River to River Trail and Shawnee Forest Exploration
River to River Trail Hike
Bear Creek hike

Bear Creek hike

(this page is under construction but will be huge)

Yesterday I hiked Bear Creek. This is located to the South and East of Little Grand Canyon on Hickory Ridge Road.

The Avenza map shows the forest road you take in. Google maps does not but it is very close to where this crude map shows it.

There are no marked trails as such, it is just following creeks for most of the way after you leave the forest service road. There is a pretty wide place to park at the trailhead, but the road in is very rough with a couple huge puddles/ponds to welcome you. There are paths around them.

The road turns surprisingly decent for hiking. You will come to a split There is a rusty gate on the left one. That is the one to take.

Go left here.

The road will soon go to the right around the head of a ravine. I decided to go down into it and follow it before it got too steep. Then after decending pretty far along the creek, I realized I was coming to the top of a waterfall, and no way down.

I had to back track and climb back up to the ridge top and make my way past the waterfall, then go down the safer more gradual downstream side and follow the creek back to the falls.

I headed on downstream. There were some cool bluffs along the way.

It opened up to another creek and valley to the right, so I headed that way to check it out. It came to a waterfall and interesting bluff.

I hiked back out of that valley and followed the bluff to the right. There were a lot of interesting windows and patterns.

I ate my lunch high up on a bluff looking over the forest.

The bluffs just kept going but then they turned into a lower and narrower valley with a good creek flow but narrower.
I had run out of bluff and climbed down a steep hillside with 3 beaver chewed stumps to the creek.
There were more passable places on the other side heading back West on the other side but getting there looked iffy.
This is where I crossed. That triangular one was a real challenge. It looked better further along naturally. There is always a better looking crossing.
It was pretty rugged for a ways then the creek turned North and lost its rocks and became regular bottomland.
Some nice wild Phlox along the way. I followed the creek.
Not familiar with these blue and white ones.
This is when I came to this group of butterflies feasting on what looked to me like white bird poo. To each his own.

To the West I saw the first low bluff, so I checked it out. Someone has been excavating this small cave. That can only be done legally in a wilderness area by permit. I would have expected to see a notice or something posted nearby.

Moving on up the creek, I came across some of the best caves in the Shawnee. Not the biggest but some of the most complex.

This cave opened up, it had a flooded floor with a constant heavy sprinkling over the main part with water drops and a side room that was very dark.
A small but loud waterfall. The caves ended for a way.
Ground level cave with a window into the next with a log sticking through

I walked into the biggest shelter cave on the trip. It had a waterfall right in the center of the curve. (Look at the splashing on the floor, not a huge volume but very noisy) This is looking back from the Western end.

There were a couple interesting places but the bluff came to an end.

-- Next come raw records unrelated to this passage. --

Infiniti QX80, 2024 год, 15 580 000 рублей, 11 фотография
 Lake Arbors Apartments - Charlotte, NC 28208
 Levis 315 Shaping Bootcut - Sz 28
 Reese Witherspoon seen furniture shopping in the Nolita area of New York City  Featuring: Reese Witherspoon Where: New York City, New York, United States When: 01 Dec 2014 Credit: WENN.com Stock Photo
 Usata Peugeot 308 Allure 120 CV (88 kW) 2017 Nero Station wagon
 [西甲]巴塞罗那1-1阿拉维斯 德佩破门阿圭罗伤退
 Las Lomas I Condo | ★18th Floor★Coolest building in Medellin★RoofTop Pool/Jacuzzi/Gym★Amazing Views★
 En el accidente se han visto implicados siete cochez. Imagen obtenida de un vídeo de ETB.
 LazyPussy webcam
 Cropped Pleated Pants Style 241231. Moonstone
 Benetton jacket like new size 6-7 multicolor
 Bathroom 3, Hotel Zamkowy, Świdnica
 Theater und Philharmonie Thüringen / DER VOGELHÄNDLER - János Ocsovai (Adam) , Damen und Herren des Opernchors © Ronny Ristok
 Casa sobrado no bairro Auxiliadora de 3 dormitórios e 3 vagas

I walked along the creek West some more but nothing particularly interesting. There was a forest road (disused) running parallel to the creek since it crossed about where the cave with the digging was, It turned North and up the valley side that way. I retraced my path back to the last side ravine. I think it was just before the big shelter cave, I was using a map provided by Bill Gilmour and that’s the route they took. There wasn’t much to take pictures of after that. The climb up the creek there is pretty and slippery. I made it to the top and hiked to the left along the ridge back to the road I came in on and turned right back to the car.

It was a great hike. A lot less civilized than Little Grand Canyon, but a lot more caves. I highly recommend it for people who like to get off the path and do a little bushwhacking. I might come back and check out some of the other interesting parts of this area shown on the topo map.